I turned to her and saw that a tear had dropped down upon the last golden bar bridging the wisp of red, white and blue. There were ten bars in all, each one engraved for an ancestor--and when I wore the thing I felt like a foreign diplomat sitting for his picture.

"What's the matter, honey?" I asked. She had always been my little girl, and I felt at times as if I were unduly severe in my discipline of her.

"Grace, you don't know how I feel!"

The words came jerkily--and I knew that I was in for it.

"Does your head ache?" I asked hastily. "You'd better get on the car and ride out into the--"

"My head _doesn't_ ache!" she denied stoutly. "It's my h-heart!--To see you--Grace Chalmers Christie--racing around to such things as this in a coat-suit! You ought, by right of birth and charm, be the chief ornament of such affairs as this--the chief ornament, I say--yet you go carrying a _'hunk o' copy paper_!'"

"In my bag," I modified.

"And you get up and leave places before you get a bite of food--and race back to that office, like a wild thing, to _'turn it in_!'"

This contemptuous use of my own jargon caused me to laugh.

"And do you think that the wearing of this heavy pin will prove so exhausting that I'll have to stay at Mrs. Walker's to-day for a bite of food?" I asked.

She looked at me in helpless reproach.

"I want you to go to this thing as a D. A. R.," she explained, "not as a _Herald_ reporter."

"Then I'll wear it," I promised, kissing her soothingly. "But you must go, too."

She shook her head again.

"I can't--I really can't!" she said. "I've got nothing fine enough to wear. This is going to be a magnificent thing, every one tells me--with all the local Sons--and this wonderful Major Coleman to lecture on flags."

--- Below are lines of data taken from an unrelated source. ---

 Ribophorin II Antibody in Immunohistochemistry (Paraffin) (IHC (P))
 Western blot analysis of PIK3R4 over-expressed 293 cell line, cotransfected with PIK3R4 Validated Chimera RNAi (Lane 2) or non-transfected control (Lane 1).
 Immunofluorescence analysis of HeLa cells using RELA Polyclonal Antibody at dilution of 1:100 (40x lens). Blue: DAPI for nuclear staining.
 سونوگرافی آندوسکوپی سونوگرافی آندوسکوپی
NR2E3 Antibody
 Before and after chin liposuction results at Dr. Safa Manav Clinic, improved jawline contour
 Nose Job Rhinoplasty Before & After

She looked at me suspiciously as she uttered her plaint about the Sons being present, and in answer, I thrust forward one gray suede pump.

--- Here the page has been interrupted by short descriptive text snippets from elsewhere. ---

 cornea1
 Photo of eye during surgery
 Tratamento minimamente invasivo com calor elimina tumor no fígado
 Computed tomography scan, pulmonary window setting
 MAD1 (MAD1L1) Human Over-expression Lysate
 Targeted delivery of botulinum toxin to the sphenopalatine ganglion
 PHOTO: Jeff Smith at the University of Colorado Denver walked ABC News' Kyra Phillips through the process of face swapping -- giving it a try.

"But I'm ready for any Son on earth--Oldburgh earth," I protested.

"Don't you _see_ my exquisite lace collar--and the pink satin rose in my chapeau--and this silken and buskskin footgear? Surely no true Son would ever pause to suspect the 'hunk o' copy paper' which lieth beneath all this glory!"

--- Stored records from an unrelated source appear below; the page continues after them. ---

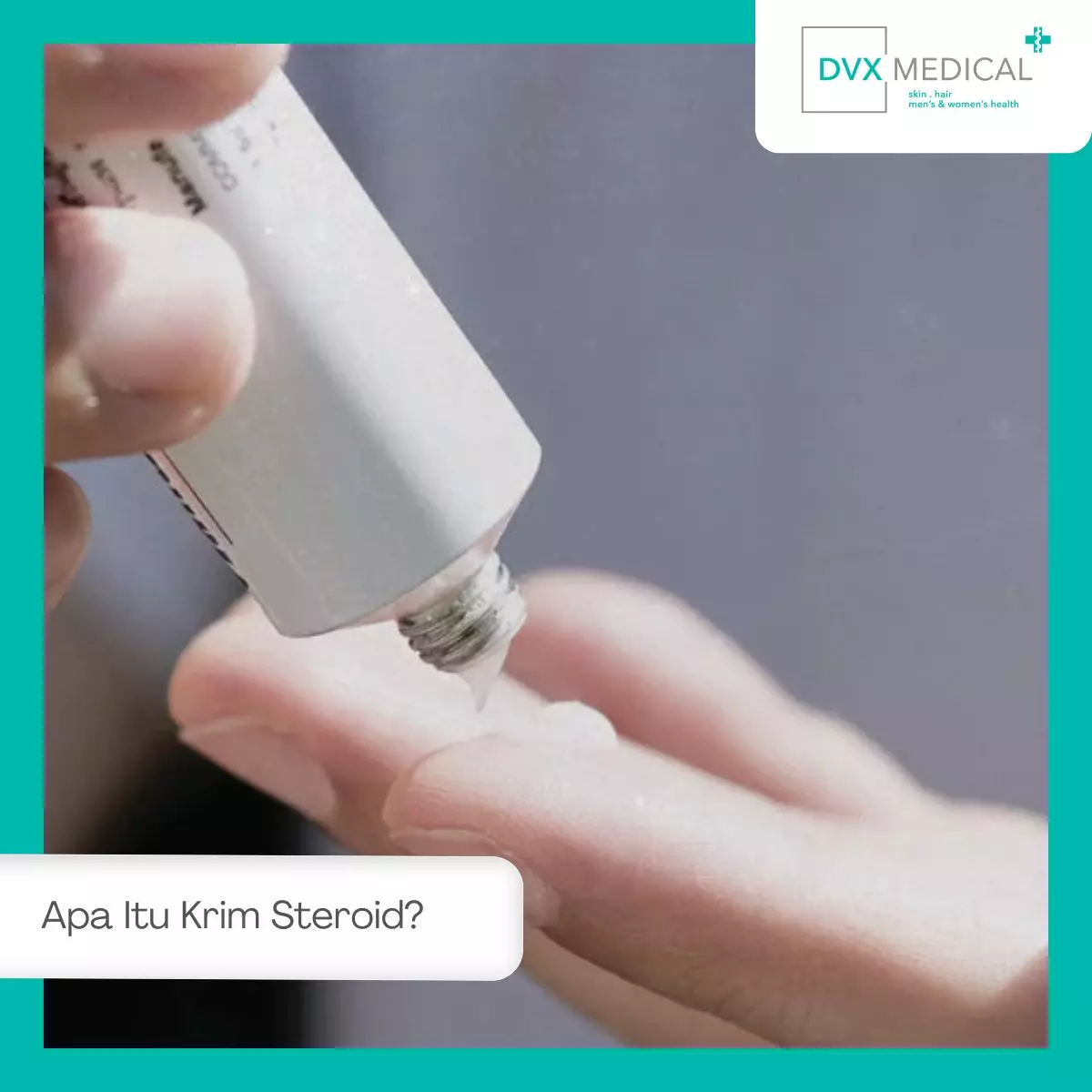 Apa Itu Krim Steroid?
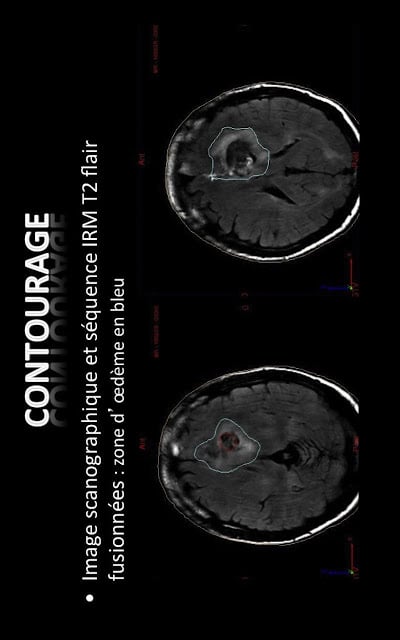 Siriade Digestif et Urologie截图4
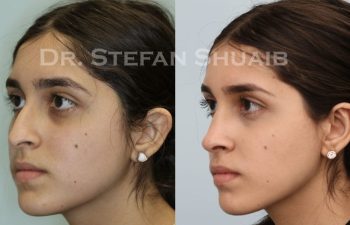 female patient before and after Rhinoplasty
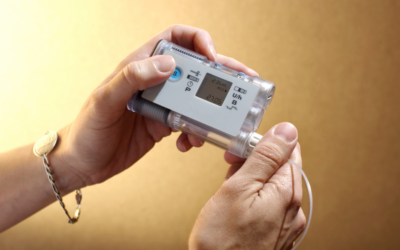 New Study Shows Blood Sugar Levels Affect Risks in Type 1 Diabetes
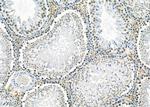 HDGFRP2 Antibody in Immunohistochemistry (Paraffin) (IHC (P))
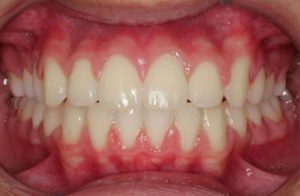 Before and After overbite Orthodontics work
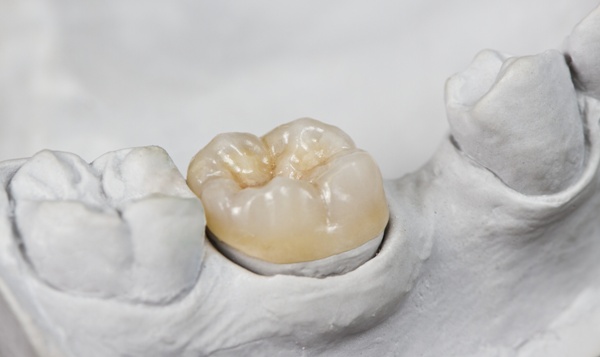 Dental Restorations Calgary | Evolution Dental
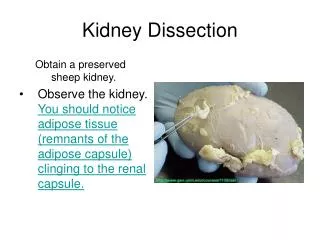 Kidney Dissection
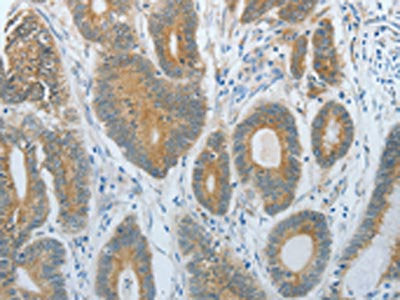 DNAJC3 Antibody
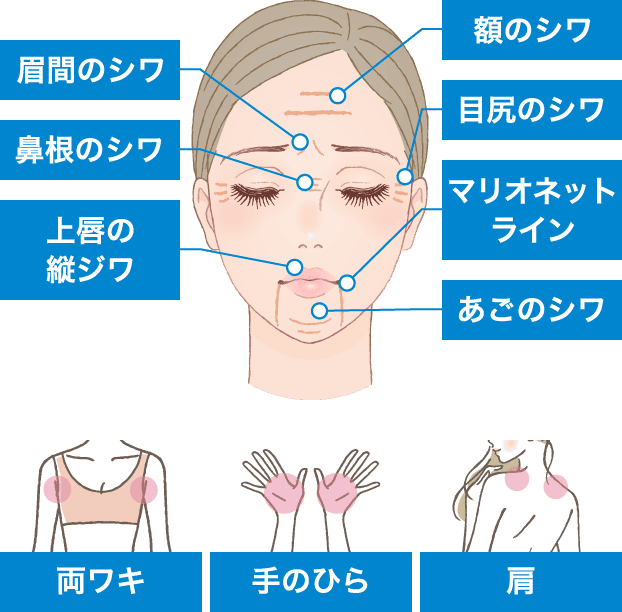 ボトックス注入の適応範囲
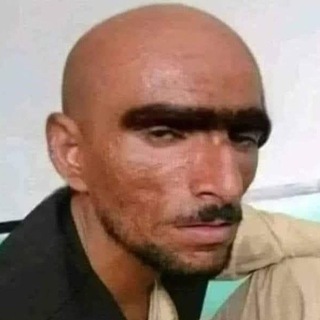 Telegram group profile photo for غمازان پر رايله کړه 🤣 | ټوکی ټکالی | خندا | گروه | ټوکه | چټ | Pashto Jokes | ګروپ | بانډار | افغان | پشتون | تاجک | هزاره |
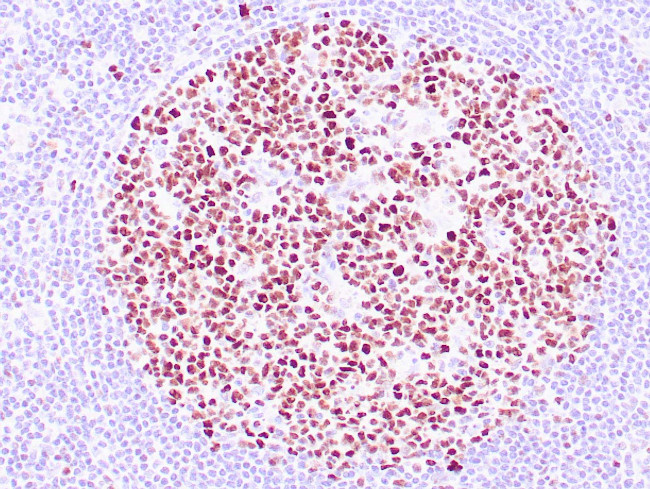BCL-6 Antibody in Immunohistochemistry (Paraffin) (IHC (P))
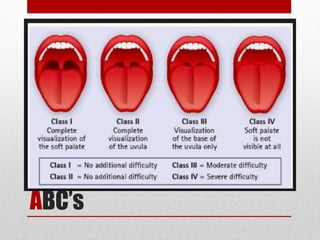 ABC’s
Airway Management
With Cervical Spine
Protection
 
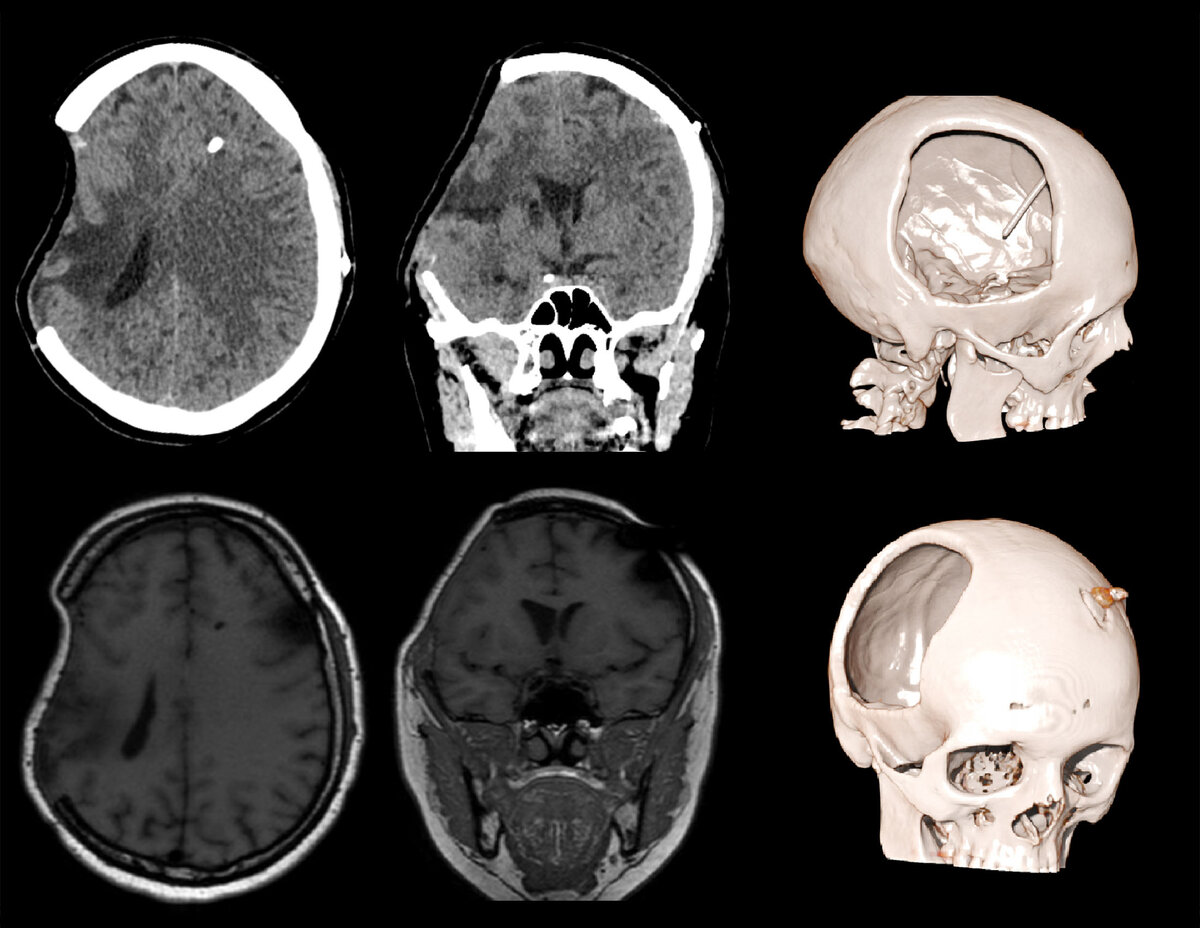 Проникающая ЧМТ рентген. Открытая проникающая ЧМТ. Перелом затылочной кости кт. Травмы черепа и головного мозга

"Isn't Guilford going with you?" she called after me as I left the house a few minutes later. "Will he meet you at the office?"

"No--thank heaven--it's an awful thing to have to listen to two men talk at the same time--especially when you're taking one down in shorthand--and Guilford is mercifully busy this afternoon."

I had a bunch of pink roses, gathered fresh that morning from our strip of garden, and I stopped in the office of the owner and publisher when I had reached the _Herald_ building. Just because he's old, and drank out of the same canteen with my grandfather I made a habit of keeping fresh flowers in his gray Rookwood vase. This spot of color, together with the occasional twinkle from his eyes, made the only break in the dusty newspapery monotony of the room. He looked up from his desk, and his face brightened as he saw my holiday attire.

"Well, Grace?"

He started up, big and s.h.a.ggy--and wistful--like a St. Bernard. I like old men to look like St. Bernards--and young ones to look like greyhounds.

"Don't get up--nor clear off a chair for me," I warned, catching up the vase and starting toward the water-cooler. "I can't stay a minute."

He collapsed into his squeaky revolving chair. When he was a lad a Yankee minnie ball had implanted a kiss upon his left shoulder-blade, and he still carried that side with a jaunty little hike--a most flirtatious little hike, which, however, caused the distinguished rest of him to appear unduly severe.

"Ah! But you must explain the 'dolled-up' aspect," he begged.

I laughed at the schoolgirl slang.

"Why, this is Flag Day!" I told him. "How can you have forgotten?--There will be a gigantic celebration at Mrs. Hiram Walker's--and all the pedigreed world will be there."

He smiled--slowly.

"And you're writing it up?"

"Just Major Coleman's lecture! They say he is quite the most learned man in the world on the subject of flags. He knows them and loves them. He carries them about with him on these lecture tours in felt-lined steel cases."

"Cases?" he smiled.

"Certainly," I answered. "Whatever a man esteems most precious--or useful--he has cases for! The commercial man has his sample cases--the medical man his instrument cases--the artistic man, his--"

"Divorce cases," he interrupted dryly.